Zone montane, via libera in Commissione alla legge sui contributi agricoli: ora il testo passa all’Aula
06/02/2026
La Commissione Agricoltura e Ambiente del Consiglio regionale del Lazio, presieduta da Giulio Menegali Zelli, ha approvato all’unanimità la proposta di legge regionale n. 193 del 25 febbraio 2025, dedicata ai contributi per favorire l’uso agricolo delle zone montane. Il provvedimento, di cui Flavio Cera è primo firmatario, ha ricevuto il parere favorevole sugli emendamenti già licenziati in Commissione Bilancio, illustrati dall’assessore regionale Giancarlo Righini, e approda ora all’esame dell’Aula consiliare.
L’obiettivo dichiarato è contrastare l’abbandono progressivo delle aree montane del Lazio, riconosciute come presidio strategico per la tutela del suolo, la salvaguardia della biodiversità e la valorizzazione delle risorse naturali.

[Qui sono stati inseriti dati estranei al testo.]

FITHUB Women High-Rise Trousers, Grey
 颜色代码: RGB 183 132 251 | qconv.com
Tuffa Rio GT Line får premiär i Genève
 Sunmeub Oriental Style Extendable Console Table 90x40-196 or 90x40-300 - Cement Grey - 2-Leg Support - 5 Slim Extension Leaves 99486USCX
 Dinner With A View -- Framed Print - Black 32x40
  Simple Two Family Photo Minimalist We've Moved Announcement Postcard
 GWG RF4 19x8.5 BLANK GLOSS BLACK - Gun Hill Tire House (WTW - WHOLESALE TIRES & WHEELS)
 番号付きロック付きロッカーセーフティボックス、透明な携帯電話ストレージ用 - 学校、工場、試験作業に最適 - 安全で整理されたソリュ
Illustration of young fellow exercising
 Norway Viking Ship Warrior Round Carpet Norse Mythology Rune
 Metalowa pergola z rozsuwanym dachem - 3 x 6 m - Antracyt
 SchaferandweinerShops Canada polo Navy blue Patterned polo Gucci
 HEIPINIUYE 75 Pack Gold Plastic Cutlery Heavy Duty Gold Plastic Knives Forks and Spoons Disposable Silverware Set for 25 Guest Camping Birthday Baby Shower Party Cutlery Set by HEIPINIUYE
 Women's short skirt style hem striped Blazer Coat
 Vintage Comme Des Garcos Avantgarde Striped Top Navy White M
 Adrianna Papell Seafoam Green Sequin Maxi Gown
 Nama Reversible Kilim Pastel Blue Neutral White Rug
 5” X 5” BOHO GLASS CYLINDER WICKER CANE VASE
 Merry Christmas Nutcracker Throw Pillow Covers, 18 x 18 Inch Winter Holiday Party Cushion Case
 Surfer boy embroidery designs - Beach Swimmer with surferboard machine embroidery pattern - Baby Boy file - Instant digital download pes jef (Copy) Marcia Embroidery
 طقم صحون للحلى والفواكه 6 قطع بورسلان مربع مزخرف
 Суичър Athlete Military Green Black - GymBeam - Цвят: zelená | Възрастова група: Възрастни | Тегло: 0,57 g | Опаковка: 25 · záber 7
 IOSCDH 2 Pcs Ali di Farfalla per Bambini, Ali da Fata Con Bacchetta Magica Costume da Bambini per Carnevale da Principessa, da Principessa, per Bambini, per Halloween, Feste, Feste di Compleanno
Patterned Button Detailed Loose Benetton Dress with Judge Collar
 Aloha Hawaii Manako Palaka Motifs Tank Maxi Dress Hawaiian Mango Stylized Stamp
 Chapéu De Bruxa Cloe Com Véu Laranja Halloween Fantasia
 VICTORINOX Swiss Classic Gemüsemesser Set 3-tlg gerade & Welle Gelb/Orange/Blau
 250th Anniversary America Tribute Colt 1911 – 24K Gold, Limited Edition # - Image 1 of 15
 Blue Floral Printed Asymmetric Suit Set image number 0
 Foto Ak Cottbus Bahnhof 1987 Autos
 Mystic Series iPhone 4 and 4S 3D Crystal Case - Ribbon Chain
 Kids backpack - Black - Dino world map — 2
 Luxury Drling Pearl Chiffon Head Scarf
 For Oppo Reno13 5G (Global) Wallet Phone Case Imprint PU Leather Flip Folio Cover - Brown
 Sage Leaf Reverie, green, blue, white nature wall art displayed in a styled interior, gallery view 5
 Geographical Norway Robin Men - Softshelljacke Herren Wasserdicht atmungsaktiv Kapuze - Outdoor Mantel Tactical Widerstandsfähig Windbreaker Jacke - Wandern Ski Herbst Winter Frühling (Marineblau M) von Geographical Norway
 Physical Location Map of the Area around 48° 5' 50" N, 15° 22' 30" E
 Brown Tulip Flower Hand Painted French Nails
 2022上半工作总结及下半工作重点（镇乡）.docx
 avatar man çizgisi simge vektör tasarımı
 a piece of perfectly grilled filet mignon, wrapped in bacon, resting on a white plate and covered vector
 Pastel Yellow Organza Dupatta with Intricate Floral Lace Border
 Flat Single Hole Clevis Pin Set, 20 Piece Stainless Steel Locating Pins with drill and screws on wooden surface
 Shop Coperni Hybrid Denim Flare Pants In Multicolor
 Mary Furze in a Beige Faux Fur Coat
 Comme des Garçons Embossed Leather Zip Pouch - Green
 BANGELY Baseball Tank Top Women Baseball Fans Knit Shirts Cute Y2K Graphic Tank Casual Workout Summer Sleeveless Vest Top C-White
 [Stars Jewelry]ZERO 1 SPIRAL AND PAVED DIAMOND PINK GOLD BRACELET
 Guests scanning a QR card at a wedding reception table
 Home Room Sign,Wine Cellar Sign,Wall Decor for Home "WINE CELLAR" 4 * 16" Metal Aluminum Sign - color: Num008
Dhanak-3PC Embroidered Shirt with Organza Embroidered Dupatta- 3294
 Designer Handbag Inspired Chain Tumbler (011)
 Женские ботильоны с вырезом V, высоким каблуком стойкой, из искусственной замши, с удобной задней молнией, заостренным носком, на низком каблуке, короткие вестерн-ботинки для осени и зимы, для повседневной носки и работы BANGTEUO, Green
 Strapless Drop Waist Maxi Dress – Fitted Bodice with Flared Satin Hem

Nonostante il ricorso a strumenti comunitari, come l’indennità compensativa, il quadro territoriale continua a mostrare segnali di degrado e perdita di presidio agricolo: da qui la scelta di un intervento mirato e strutturato.
Finalità e struttura del provvedimento
La proposta di legge si compone di otto articoli. Il primo definisce oggetto e finalità: favorire l’uso agricolo delle zone montane per prevenirne l’abbandono, ridurre il rischio di dissesti legati all’incuria dei terreni e sostenere lo sviluppo economico locale, anche attraverso i prodotti tipici.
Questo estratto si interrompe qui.